Fakat yine üzülme, müsterih ol;
Kabirde böceklere ezberletirim güzelliğini,
Ve neden sonra
Tekrar duyduğun gün sesimi gök kubbede,
Hatırla ki mahşer günüdür
Ortalığa düşmüşüm seni arıyorum.”
Cahit Sıtkı TARANCI

 

Karanlık iyice çökünce şehre, efil efil yanmaya başlayan gece lambalarının etrafına karasinekler üşüştü. Yaz vakti, tepe ardı derelerden kurbağa vıraklaması; bostanlardan, çeperlerden, bahçelerden; öteberi parklardan çekirge sesleri ufak ufak yükseliyordu. Birkaç kuş mezarlık duvarının üzerinde halen oynaşıyordu. Mahallenin bitişindeki son evin önünden uzun ince, ağır aksak bir gölge belirdi. Neden sonra gölgeyi, yaşlı bir adam takip ediyordu. Elindeki poşette bir somun ekmeği, bir parça da beyaz peynir vardı. Yağsızdı peynir. Mezarlığın çift kanatlı, yer yer boyası dökülmüş yeşil demir kapısına yakınlaşınca durdu gölge, adam da durdu. Her akşam geçtiği kapıyı ilk kez görmüşçesine baktı. Uzun uzun baktı. Sağ elindeki tespihi bileğine doğru itti. Çok değil daha dün sabah, aynı yerde, belediye başkanından bir söz almıştı. “Acele etme bekçi.” demişti Reis Bey. Neymiş efendim, Ölüye yatırım, ölü yatırımmış. Hem bu millet balık hafızalıdır, çabuk unuturmuş. Seçimler yaklaşınca yapılan hizmetlerin tesiri büyük olurmuş. Hele o gün gelsin duvarları da örermiş, kapıyı da boyarmış; hatta bekçi kulübesini de onarırmış. Daha bir sürü tantana… Gömlek cebindeki tabakadan hazır beklettiği tütün sigarasını sabırsız sarkık dudaklarının arasına aldı.  Parmakları çakmağa gitti. İlkinde yanmadı, ikinci ve üçüncüde de. Sallamaya başladı çakmağı, nihayet ince, gri, eğri büğrü bir duman yükseldi.

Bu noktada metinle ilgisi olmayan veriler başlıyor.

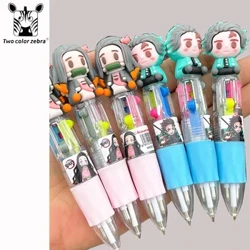 4 värvi deemoni tapja Kamado Tanjirou Nezuko ümbritsev koomiks Mini Ballpoint Pen õpilane kirjutab kirjatarbed värvipliiats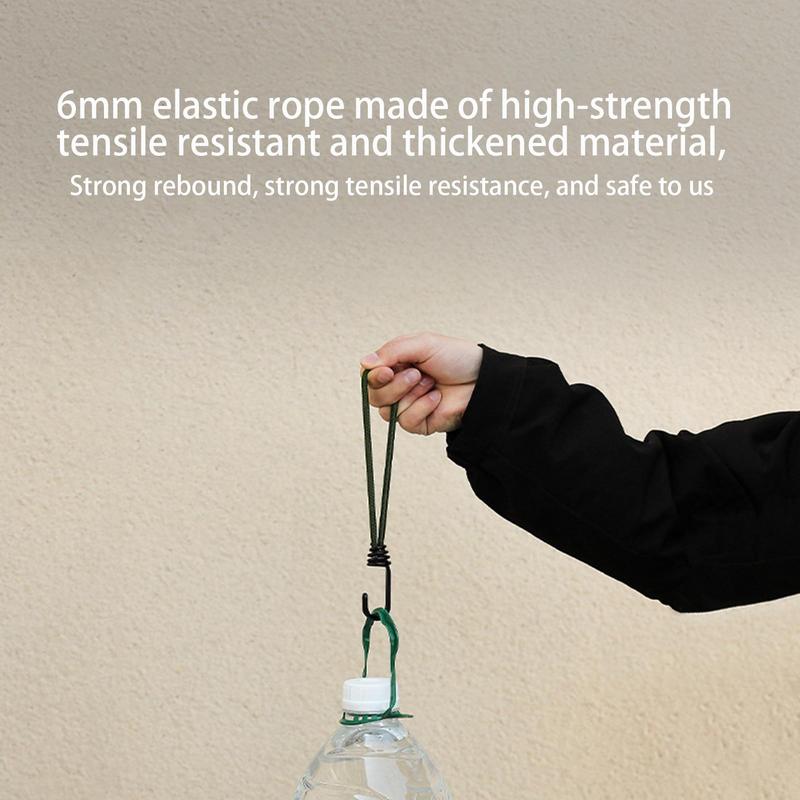 outdoor tent elastic rope Bungee Cords with Hook Small Elastic Camping Tent Bungee Straps Tent Fixing String Hooks Accessories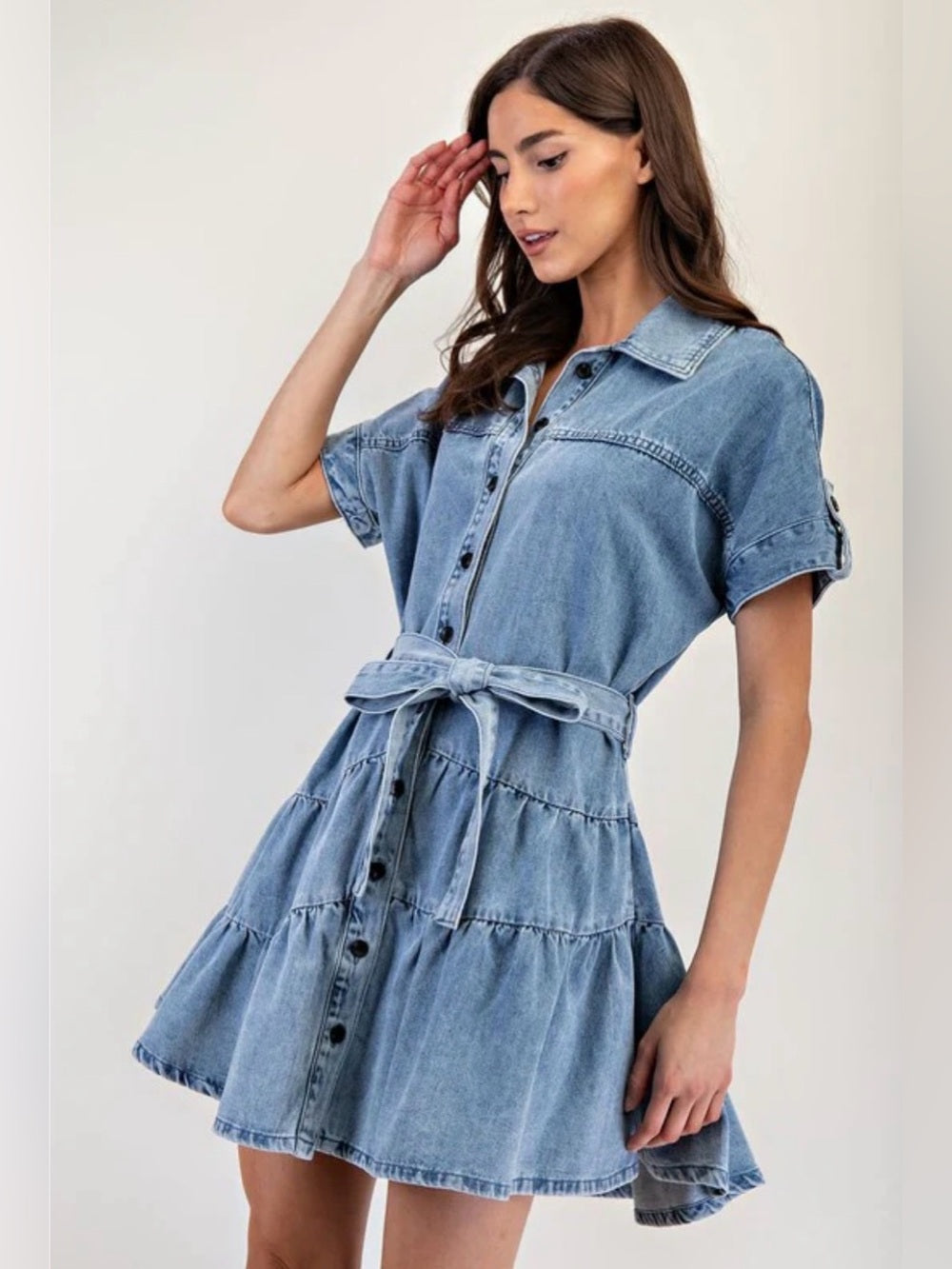 A467. Light Blue Denim Shirt Dress with Belt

“Esselamü aleyküm.” deyip kapıdan içeriye daldı. Bekçi kulübesinin hemen yanına özensiz atılmış kazma, küreği görünce yeni misafirlerinin olduğunu hemen anladı. Az sonra öteden taze toprak kokusu da gelip yaşlı suratını okşadı. O an yuvarlak gözlerine, çukur avurtlarına ince bir gülücük yerleşti. Ne de olsa ev sahibiydi o, misafire izzet-i ikram da kusur etmemek gerekti. Bir tebessümü yeterdi çoğu zaman, verecek başka bir şeyleri olmayanların.

Kulübenin kapısını açtığında dudaklarındaki sigara bitmek üzereydi. Elindeki poşetleri duvardaki çivilere astı. Köşedeki piknik tüpünün üstündeki alüminyum demliğe su çekti. Çakmağı ikiletmeden yandı bu sefer. Su ağır ağır ısınırken o, tabureyi kaptığı gibi dışarı çıktı.

Akşamın geceye yazıldığı bu demde ortalığı tuhaf bir huzur kaplardı nedense. Oysa daha birkaç saat evvel güneş acımadan tüm hükmünü göstermiş, rüzgâr sessiz, dereler sağır dilsiz, yer gök inim inim inlemişti. Durur mu insanoğlu? Durmaz elbet, o da hırs etmiş.  “Mal mülk, şan şöhret” diye çalışıp didinmiş. O vakit topraktaki tohuma, tarladaki mahsule, sanayideki demire alın teri karışmıştı. Ve nihayet bu keşmekeşi, bu hengâmeyi, bu bitmez tükenmez cendereyi; tepelerin ardı sıra uzayan kapkara bir sükût bitirmişti. Ne soğuk, ne sıcak; ne göz kamaştıran bir güneş, ne de göz gözü görmez bir karanlık. İyiyle kötü, yaşamla ölüm arası gibi; her şeyin orta hali. Severdi Osman böylesi havaları. Tabureye oturup sırtını mezarlığın taş duvarına dayadı. Ne kadar uğraştıysa da sırtındaki kamburu düzeltmeye yetmedi gücü. Hem nasıl düzelsindi. Gıdım gıdım, azar azar çoğalan dertler değil miydi sırtında birikenler? Bir ömre sığmayan acılar, “He!” deyince geçer miydi öylece? Hem kambur düzelse de en derine, hücreye, zerreye kök salmış; zahir bedenden ziyade, ruha işleyen acılar biter miydi hiç. Biter miydi?

Bilmem ki, sahiden biter miydi?

Sessizliğe, en çok da kimsesizliğe inat; kuş uçmaz, kervan geçmez gecenin içine içine, “Hey Osman hey!” dedi; “Bırak bu ayakları. Bitmez elbet.” diye tekrarladı kendi kendine.  Bir sesli, bir sessiz konuştu. Bazen sesli mi konuşuyordu, sessiz mi konuşuyordu o da bilmiyordu. İçi dışı bir olalı epey olmuştu. Hatta bu duruma aldırış etmeyeli bile epey zaman olmuştu.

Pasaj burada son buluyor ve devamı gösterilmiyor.